Cleo has never seen her husband; the father of her children. He only visits in the dark.
(And the tales that came before).
A Cupid/Psyche-inspired AU themed around the Limited Life and Double Life SMPs
(First 1,000 words under the cut)
Tsumugi
🐛 🕯️ 🧵
Slippers made poor riding shoes, especially over lava. But they were silk, gifted by the flicking wings of moths without number, and when you know not where you walk, you should always dress in silk. It's good enough for gods.
Scalding. Fierce. Cleo hooked her fingers in crimson neck feathers. She slid forward and back with the steady gait of the long-legged bird she'd mounted with a saddle; she lured it ever forward with a promise of mushrooms in her outstretched hand (taken beneath the sleepy eyes of a mossy-coated god). Stink burned her nostrils, but she had not the words to describe it beyond memories of eggs fallen beneath the henhouses where she'd once changed the straw.
One blemish marred her finger; already, she'd dropped her satchel and watched it burn. There went her offerings… and there went her payment for the trip back across the glittery golden pool. No other mortal creature (if there were any) could carry her across again, for all things died in lava except the long-legged birds sired by the god she'd come to see. They pranced like demigods in their crowns of ivory, wrapped in feathered robes.

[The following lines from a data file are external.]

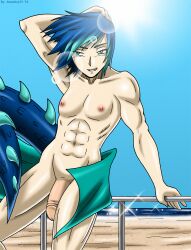  1boy abs beach blue_eyes blue_hair completely_nude dragon_tail flaccid highres large_penis male_focus navel nipples nude original penis solo sseanboy23 tail  rating:Explicit score:1 user:Mlplottery1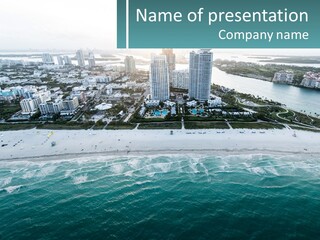 An Aerial View Of A City With The Ocean In The Foreground PowerPoint Template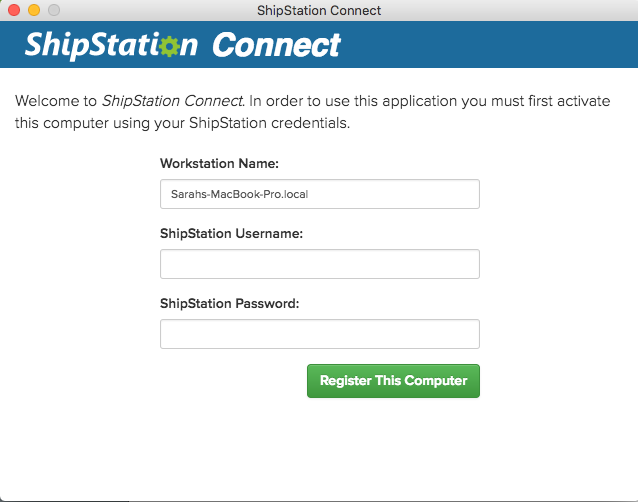 Enregistrer le menu ShipStation Connect dans MacOS.
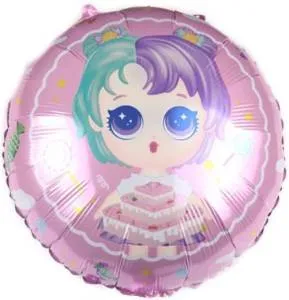 18" Круг Модная кукла (разноцветные локоны) Нежно-розовые (Китай)/190904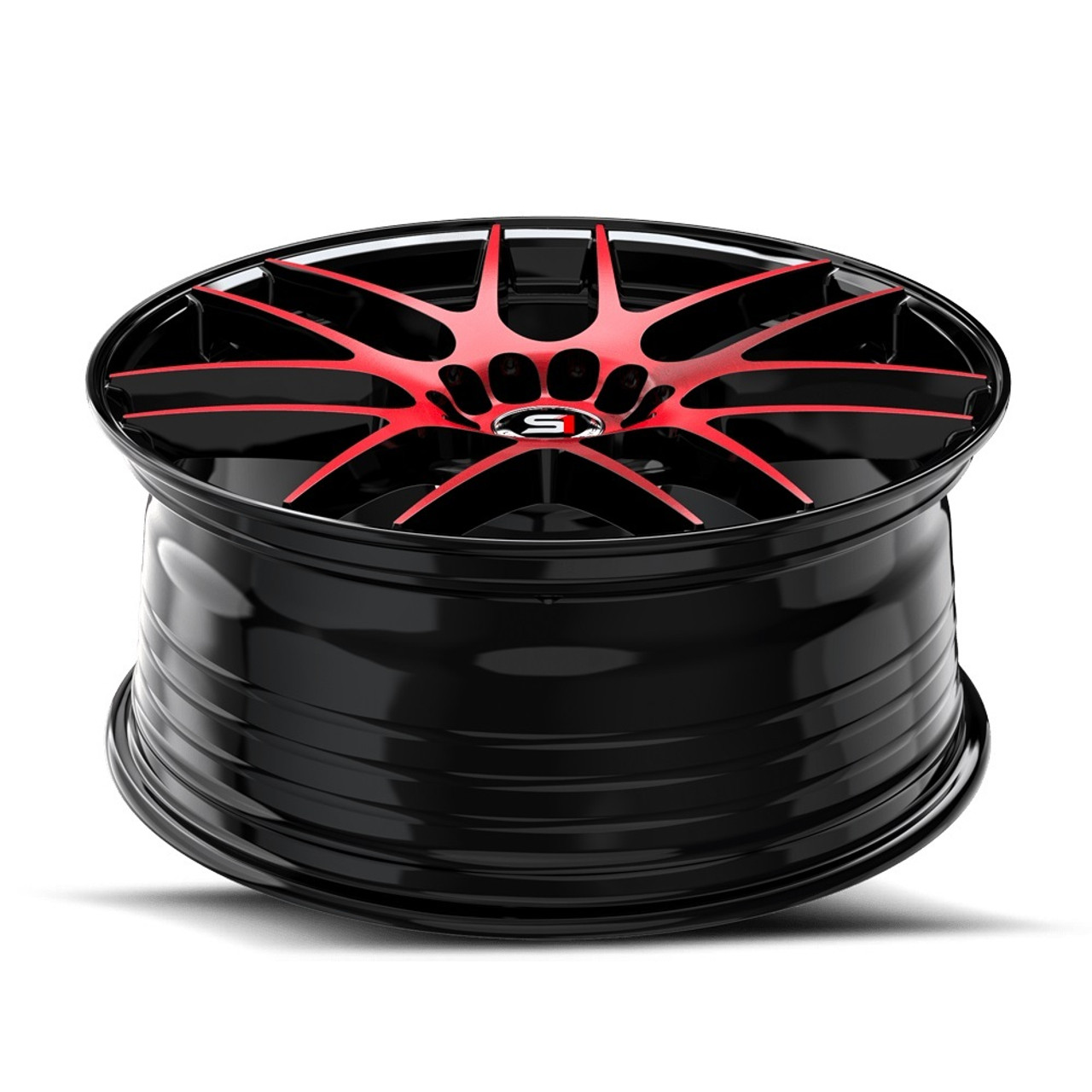 Set 4 17" Spec-1 SP-65 Gloss Black Red Machined 17x8 Wheels 5x100 5x4.5 42mm Rim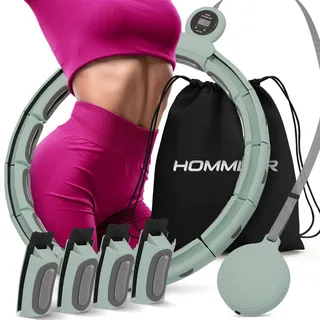 Hommler Smart Hula Hoop Reifen Erwachsene, Smart Hula Hoop Leise mit Zähler, Fitness Hula Hoop mit Gewicht Kugel & Hula Hoop Reifen zum Abnehmen Grün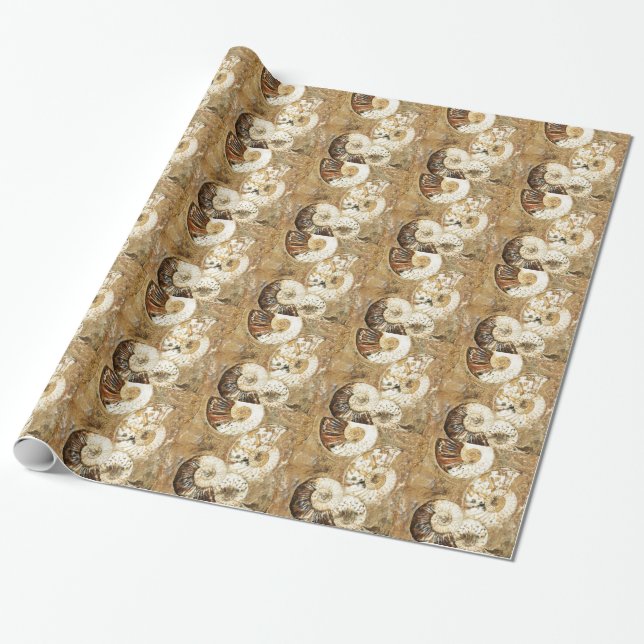 Prehistoric background with fossil shells wrapping paper (Unrolled)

Every tread rocked her forward, pressing her head to the back of the bird's rough neck. But halfway across the lava lake, her companion stopped walking. Her gift had reached its end; it would take her no further. It pecked for mushrooms in her hand. Cleo curled her fingers. The bird swayed beneath her, ruffling its wings. It stamped its legs. This blurred her vision, kicking butterflies across her fingertips. If it charged and took flight, would the saddle hold? Buckling a saddle on a bird hadn't been an easy task. She fed it many, many mushrooms; she owed a debt now to the god of sleep and dew.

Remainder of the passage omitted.